There Oughta Be A Law

It was the July 4th, 2008. It was a sunny day, the kind of day you have to wear sunglasses because there isn’t a cloud in the sky. It was the kind of day when you are glad to be an American surrounded by friends and family. It was a day that the Gangolfs will never forget.

It started off pleasant enough, a back-yard barbecue with music and fun. My children were eating hot dogs at the time, enjoying themselves, not hurting anyone. Then it happened. Now the next series of events, is hard to talk about. My eldest daughter who was 7 at the time is still in therapy, but I think this is topic that needs to be discussed.

Uncle Bob, who is not really related, having played some horse shoes, got hot. He then proceeded to…. take off his shirt. Uncle Bob is an older man, with a big belly, hair on his back, a farmers tan and man boobs. He was seated next to my kids telling some story while his big sweaty belly skimmed the picnic table. He bit into his hot dog and the relish dripped onto his ample belly which didn’t seem to phase him in the slightest.

You would think that was bad enough, but it was about to get worse. He turned suddenly and leaned over to grab a fresh beer from the cooler, his plumbers butt peaking out of his cut off Levis now in clear view of all who were unlucky enough to be in close proximity. My children were.

My beautiful, innocent, precious children were front row for this horrific event. Ava, the youngest, was the first to notice this gruesome scene unfolding right in front of her angelic eyes. She looked at me longingly, her soul screaming for help, but she was out of my grasp. Joey, my 5 year old, just stood like a deer in the headlights, not knowing if he should run or hide. But it was my oldest, my poor precious darling, who was the closest and got the blunt of this cruel twist of fate. She was inches from Uncle Bob’s, bare, sweaty, fully exposed, hairy back with the plumber’s butt along for the ride.

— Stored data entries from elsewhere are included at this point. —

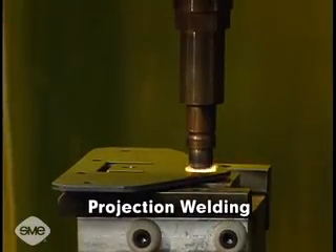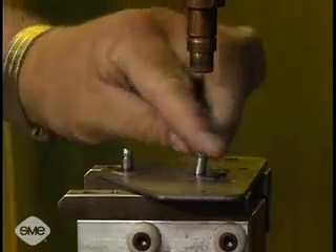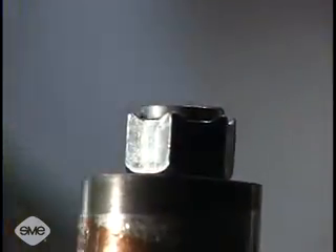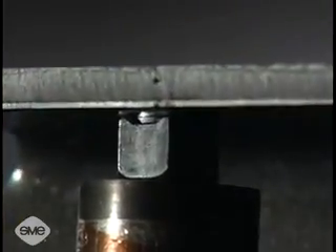In projection welding, the welds are localized at predetermined points by projections, embossments, or intersections. Several points may be welded simultaneously.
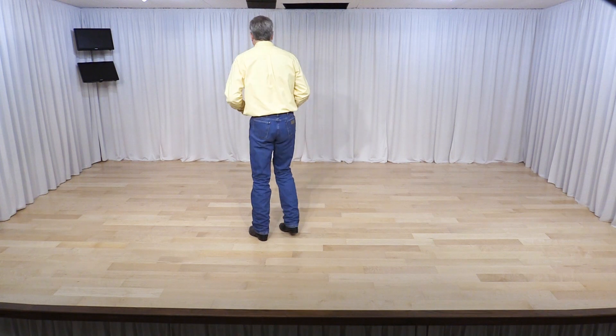This dance is called Tumbleweed. It's a 32 count four wall improver line dance. First, I'll go through the steps, then I'll go through the counts, then I'll go through the tags and restarts.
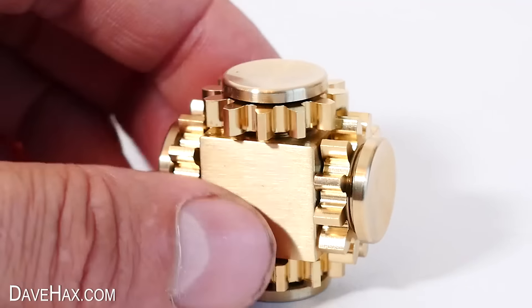The next one is this fidget cube. It comes in a nice little box, and when we open it up and remove the packaging, we've got this really cool activity cube. Each one of the six sides has something different to fiddle with — the box says we have click, spin, flip, guide, roll, and breathe. There's a thumb stick we can play with and push, and a switch that we can flip back and forward.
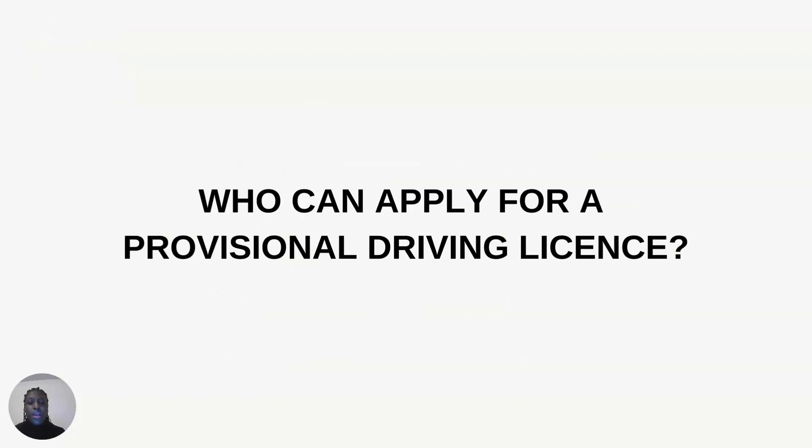I want to firstly address the major questions that may be on your mind. The first is: who can apply for a provisional driving license? An individual must meet these criteria. The first is that the individual must be at least 15 years old and nine months. This is a requirement from the DVLA — the national body that governs driving in the UK. I will leave a link in the description below to the DVLA website.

She sat, hot dog in hand, helpless and overcome from the sheer horror of what was happening. She then started to laugh, hysterically. I mean, hysterically. I did what any mother would. I grabbed her. I shielded her eyes. I held her close to me. I kept saying “It is going to be okay,” over and over, into her ear. But it was never going to be okay again. The damage was done. There are some things you never forget, there are some things that can never be undone, there are some things you can not un-see.

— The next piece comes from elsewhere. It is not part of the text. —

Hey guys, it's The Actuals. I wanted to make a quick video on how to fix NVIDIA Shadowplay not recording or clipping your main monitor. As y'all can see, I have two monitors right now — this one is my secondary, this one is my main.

Seriously though, I can’t believe this is still a thing. Why the heck, are grown men still walking around in public with no shirt. I hate to break it to you guys, chicks don’t dig it. I mean, some guys just shouldn’t because they are old, over weight and out of shape. I have to say even to the good looking, muscly, young guys, I would rather not see it. I think I speak for many women out there, I would rather imagine what is under the shirt, than actually see it.

Hey Neighbor. It is just so wrong. Put on a shirt.

Now, I am not a prude or anything and there is a time and a place for a guy not to wear a shirt, like on the beach or, um, I don’t know, in your house. I really would prefer to take my dog for a walk, drive around the neighborhood or go to a barbecue without seeing your man nipples. Yes, I said it. I went there. Somebody has to. It just seems that every time I leave the house, I run into some guy mowing his lawn, standing in his drive way or doing some other random task with out a shirt. I beg you. For the love of god and all things holy. Put on a t-shirt , a tank top, a polo, a jersey, anything.

Dude. Stop. I implore you. Put on a shirt.

So in conclusion, please, pass a law that men must wear shirts in public. I am imploring our legislative government with the fiduciary power to bring this to the floor of any governing agency within the sound of my voice. Please make it mandatory for all men, everywhere, to wear a shirt. Please, for the good of the children. Think of the children.

Vlad, for all that is holy. Put on a shirt.

And BTW, the story of Uncle Bob is true, although I have changed his name, so I don’t embarrass him. The Gangolfs still laugh about this incident and probably always will.

P.S. Any such law will not apply to Zac Efron. Repeat, Zac Efron will not be included in this law. Thank you.


  1. Jealousy will get you no where. Get a life. Who cares what other people do. Get out of the windows and bring a nosey ass neighbor.